Frey et al. (2017) reported on patients treated with percutaneous sacroplasty, particularly the long-term efficacy of sacroplasty versus nonsurgical management.42 This prospective, observational cohort study spanned 10 years and comprised 240 patients with sacral insufficiency fractures. Thirty-four patients were treated with nonsurgical methods, and 210 patients were treated with sacroplasty. Pain, as measured by visual analogue scale, was recorded before treatment and at several follow-ups. Mean pretreatment visual analogue scale for the sacroplasty group was 8.29; for the nonsurgical treatment group, it was 7.47. Both forms of treatment resulted in significant visual analogue scale improvement from pretreatment to the 2-year follow-up (p < .001). However, the sacroplasty treatment group experienced significant visual analogue scale score improvement consistently at many of the follow-up points (pretreatment to post [p < .001]; post-treatment through 2 weeks [p>.001]; 12 weeks through 24 weeks [p = .014]; 24 weeks through 1 year [p = .002]). Meanwhile, the group with nonsurgical treatment only experienced 1 significant pain improvement score, which was at the 2-week follow-up post-treatment (p = .002). One major limitation of this study was that the nonsurgical treatment group was not followed up at the 10-year mark whereas the sacroplasty group did receive follow-up.

There are several retrospective reviews with roughly 50 patients per publication. One reported by Dougherty et al. (2014) described a series of 57 patients treated with sacroplasty for sacral insufficiency fractures.43 The short- or the long-axis approach was dictated by the length and type of the fracture and patient anatomy. Follow-up data at 2.5 weeks were available for 45 (79%) patients, and the outcome measures were inconsistent. For example, activity pain scores were collected from 13 patients, and rest pain scores were collected from 29 patients. Of the 45 patients with outcomes data, 37 (82%) had experienced a numeric or descriptive decrease from initial pain of at least 30%.

Adverse Events
There are complications related to cement leakage with sacroplasty that are not observed with vertebroplasty. Leakage of polymethylmethacrylate into the presacral space, spinal canal, sacral foramen, or sacroiliac joint may result in pelvic injection of polymethylmethacrylate, sacral nerve root or sacral spinal canal compromise, or sacroiliac joint dysfunction.44 Performing sacroplasty only on zone 1 fractures can minimize these risks.45

Section Summary: Percutaneous Sacroplasty
No RCTs evaluating percutaneous sacroplasty for sacral insufficiency were identified. The available evidence includes 2 prospective cohort studies and several retrospective series. These studies have reported rapid and sustained decreases in pain following percutaneous sacroplasty. Additional reports are mostly consistent in reporting immediate improvement following the procedure. Due to the limited number of patients and the retrospective nature of the evidence base, harms associated with sacroplasty have not been adequately studied. The small numbers of treated patients leave uncertainty regarding the impact of sacroplasty on health outcomes.

The purpose of the following information is to provide reference material.

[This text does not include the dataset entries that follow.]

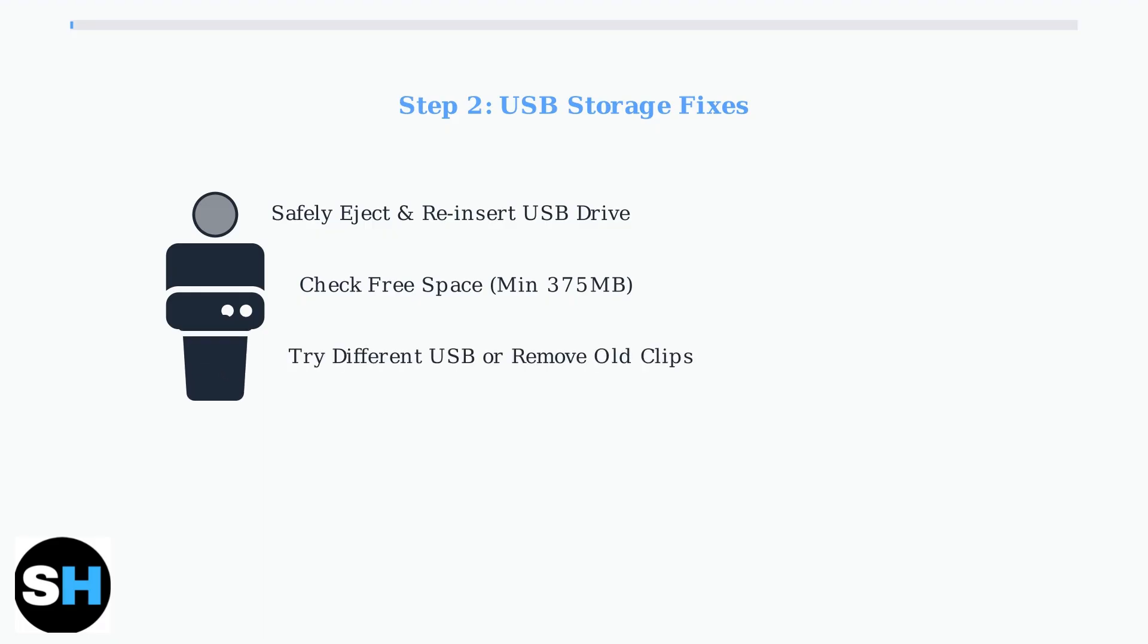If problems persist, try a different USB drive or remove old clips from your current drive using a computer.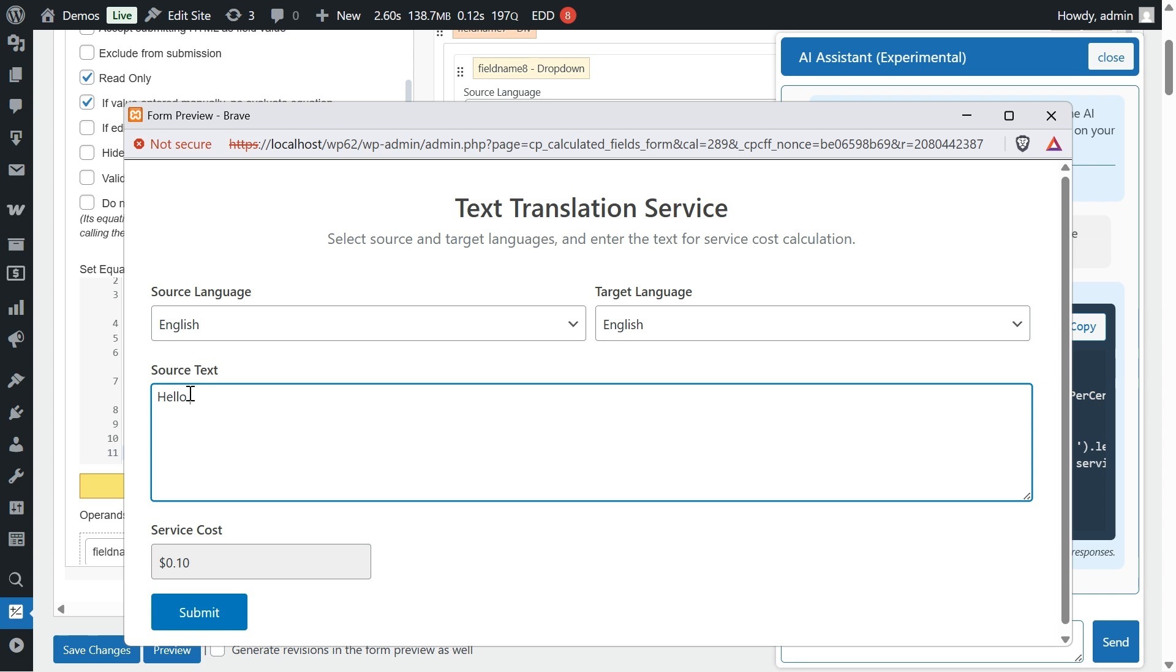Keep in mind that artificial intelligence models aren't perfect, they can make mistakes, and their responses might not always be optimal. That's why it's important to review the generated answers. Even so, they're a very useful support tool.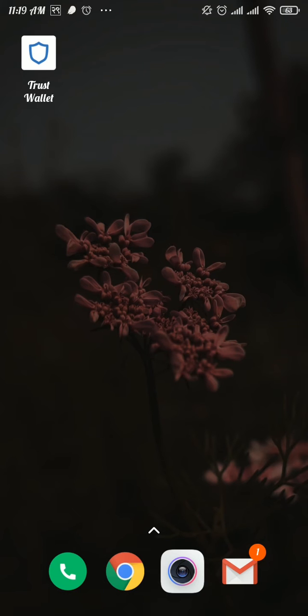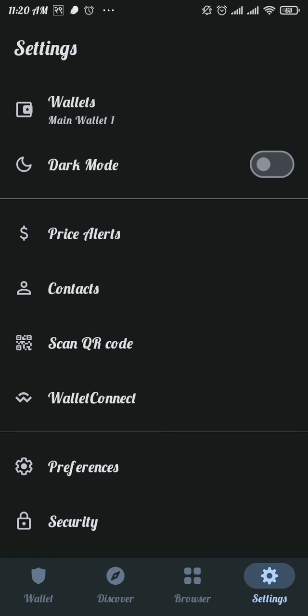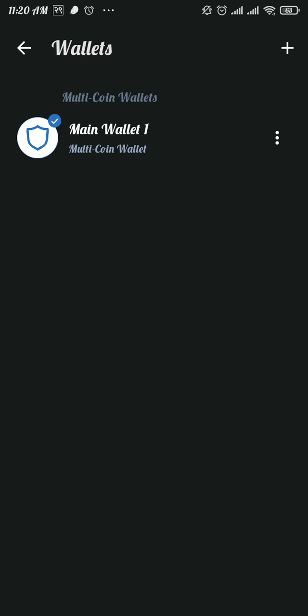From the home page, tap on the gear icon at the bottom right of your screen. In the settings space, tap on the very first option, Wallets. In the wallet space, tap on three dots next to the Main Wallet 1 option.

Inclusion does not imply endorsement or alignment with the evidence review conclusions.

Clinical Input From Physician Specialty Societies and Academic Medical Centers
While the various physician specialty societies and academic medical centers may collaborate with and make recommendations during this process, through the provision of appropriate reviewers, input received does not represent an endorsement or position statement by the physician specialty societies or academic medical centers, unless otherwise noted.

2014 Input
In response to requests, input was received from 2 physician specialty societies and 3 academic medical centers while this policy was under review in 2014. Input was sought on the treatment of acute vertebral fractures when there is severe pain that has led to hospitalization or persists at a level that prevents ambulation, and on the treatment of traumatic fractures that have remained symptomatic after 6 weeks of conservative treatment. Input on these issues was mixed.

2008 Input
In response to requests, input was received from 5 physician specialty societies and 2 academic medical centers while this policy was under review in 2008. Unsolicited input was received from a sixth physician specialty society. All reviewers disagreed with the proposed policy and provided references in support of the use of vertebroplasty. Vertebroplasty has been investigated as an intervention to provide mechanical support and symptomatic relief in patients with an osteoporotic vertebral compression fracture and in those with osteolytic lesions of the spine (ie, multiple myeloma, metastatic malignancies). Clinical input obtained in 2008 provided uniform support for the use of vertebroplasty in painful osteoporotic fractures. Reconsideration of the available evidence (consistent results of numerous case series, including large prospective reports) and evaluation of the input led to a conclusion that the evidence was sufficient to determine that vertebroplasty is a reasonable treatment option in patients with vertebral fractures who have failed to respond to conservative treatment (at least 6 weeks with analgesics, physical therapy, and rest). It is also clinically reasonable to consider the evidence supporting the clinical benefit of vertebroplasty in the osteoporotic vertebral fracture to support its use in osteolytic lesions of the spine (e.g., multiple myeloma, metastatic malignancies).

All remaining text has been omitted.